2- Réception de l’OHADA

Il serait bon de faire un bilan statistique sur les décisions nationales qui font application de l’OHADA et des décisions de la CCJA, ainsi que de leur évolution : le contentieux sur l’OHADA est un moyen de mesurer son taux de pénétration.
Les outils juridiques pour faire vivre l’OHADA sont adéquats : effet direct des actes uniformes, autorité et force exécutoire des décisions de la CCJA, ce qui rend superflu la demande d’exequatur et anti-économique de créer des tribunaux commerciaux spécifiques. Il suffirait que les acteurs juridiques, notamment les avocats, usent des ressources de l’OHADA pour que cette législation devienne le code de droit des affaires des pays membres.

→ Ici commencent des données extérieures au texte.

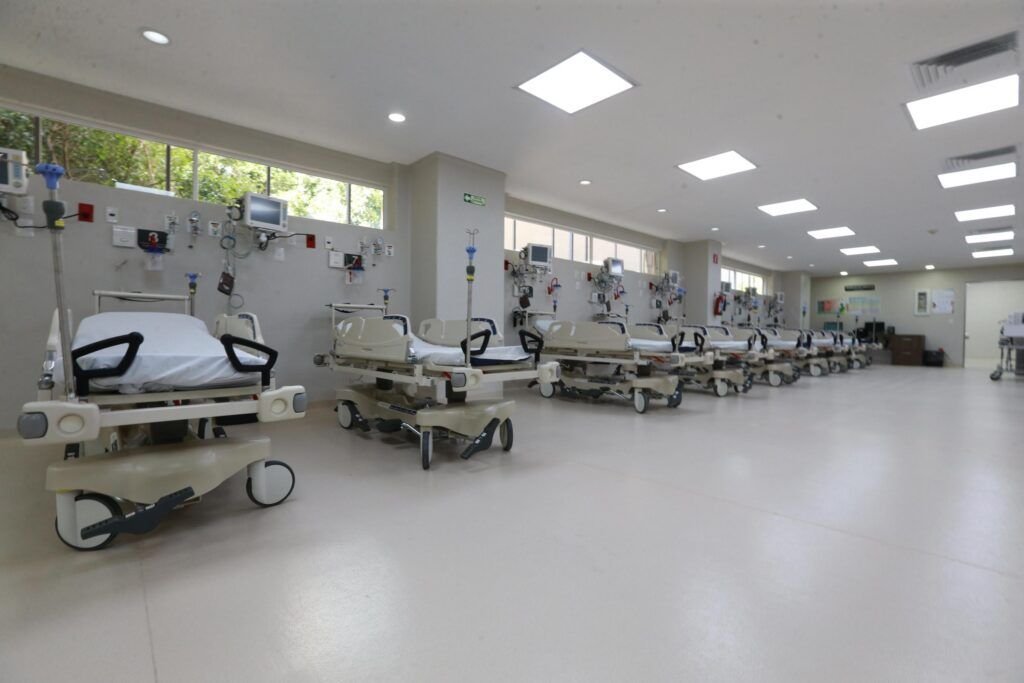 ¿Como debería de ser la arquitectura hospitalaria? - CUBREPACK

Pour cela, une comparaison permet de juger de la force de progression à attendre : le traité de Rome instituant la Communauté européenne est entré en vigueur en 1959 ; sa réception sociologique n’a commencé à se manifester en France qu’au début des années 1970 lorsque Edouard Leclerc a osé invoquer le traité contre l’arrêté fixant autoritairement le prix de l’essence pour protéger les sations-services contre les ventes des grandes surfaces. Et la première reconnaissance par la Cour de cassation de la primauté des textes CE sur notre droit national date de 1975 et celle du Conseil d’Etat est survenue après trente ans. Les réticences nationales dans la sphère OHADA devraient cependant être moins vives, car ce corps de droit est dans le prolongement des droits nationaux : dans les deux cas, la référence au droit français est prééminente. Il n’y a donc pas divorce, mais mise à jour du droit existant qui reste toujours d’expression et d’inspiration françaises.

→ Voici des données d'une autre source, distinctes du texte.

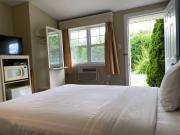 Top Sherbrooke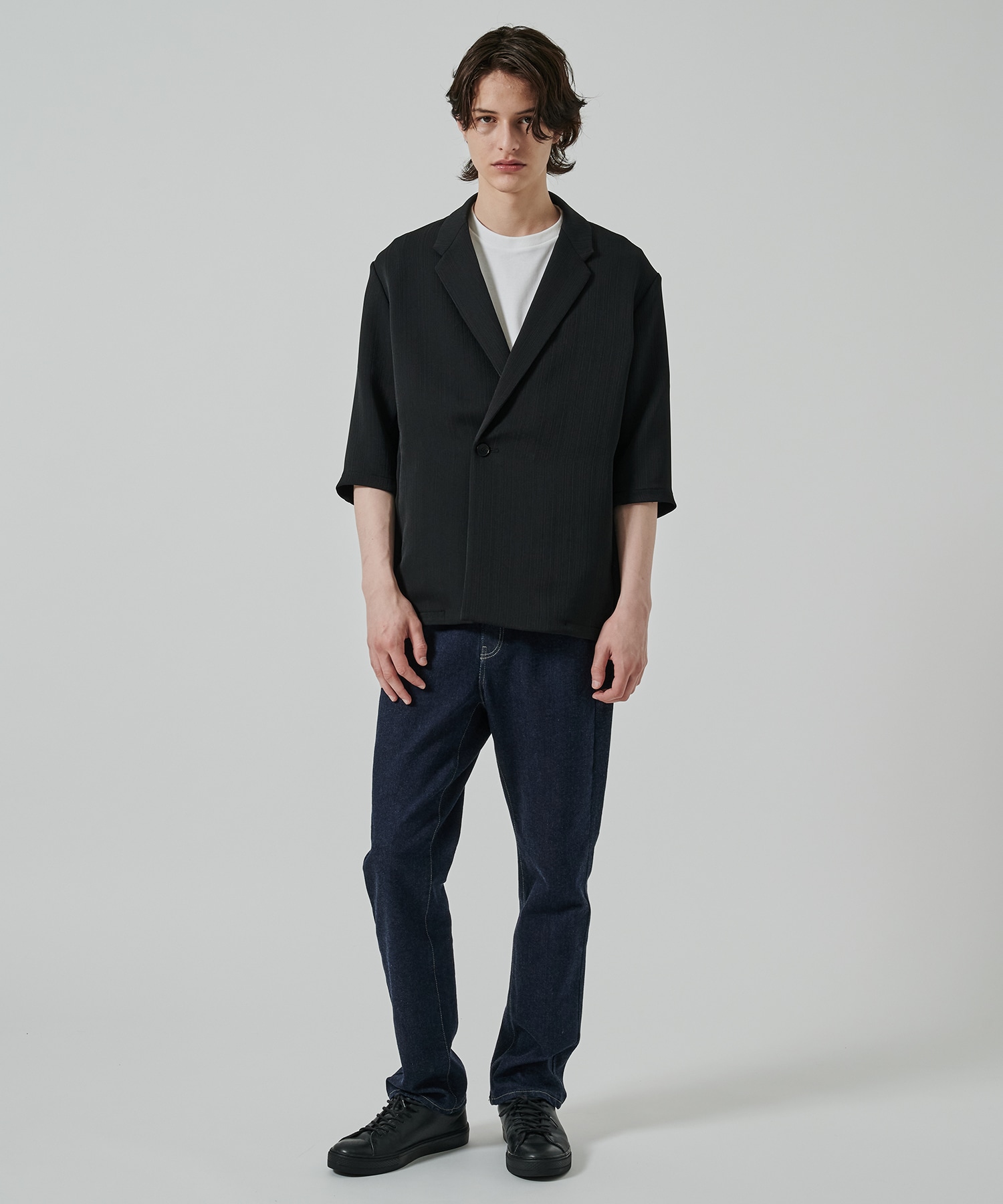 PLEATS HALF SLEEVE JACKET STUDIOUS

Certes, l’argument n’est pas fondé au regard du Cameroun de common law. Mais le Royaume-Uni a intégré la CE, qui n’était au moment de son entrée que de droit civil, sans difficulté et a adapté sa législation ; les juristes anglais se sont faits aux textes CE. Ils n’ont pas pour autant crié à la « colonisation », comme l’a fait l’intervenante pour le Cameroun lors de l’atelier de Paris Place du droit. Il n’est pas insurmontable d’apprendre à appliquer un texte alors qu’il est plus difficile d’apprendre à se mouvoir dans un droit sans texte. C’est d’ailleurs la raison pour laquelle les trois-quarts de la planète sont de droit civil.

3- L’avenir de l’OHADA

A mon avis, il faudrait :

- éviter d’accroître, pour l’heure, le coût de fonctionnement de l’OHADA en réclamant de nouvelles institutions ou en augmentant le nombre des conseillers de la CCJA ;

- toutes les ressources disponibles devraient être affectées à combattre l’ignorance des actes uniformes, dans les facultés de droit en veillant à ce que ces actes soient effectivement enseignés dans tous les domaines où ils constituent le droit en vigueur et auprès des avocats par des formations à développer dans les barreaux ; à cet effet, la formation à distance par internet devrait être programmée, par exemple en sollicitant l’Université numérique juridique francophone (www.unjf.com). Le jour où des avocats auront découvert le parti à tirer des actes uniformes, ceux-ci seront alors largement utilisés, comme il est arrivé du droit CE et de la convention européenne des droit de l’homme. Ils le feront ainsi appliquer par leurs juridictions nationales dès la première instance et le besoin de recourir à la CCJA sera moins intense et, par là, moins exposé au reproche d’éloignement de la Cour ;

- se borner à mettre en place l’acte uniforme sur le contrat en projet, cet acte devant être privilégié, car le véritable instrument pour conclure et développer les affaires, c’est le contrat, instrument juridique des échanges économiques ;

- ne pas négliger toute occasion de proposer l’OHADA comme modèle d’intégration juridique, en Afrique bien sûr, et n’importe où ailleurs où une recherche d’intégration se manifesterait ; le refuser, serait douter, et ne pas avancer, c’est déjà reculer.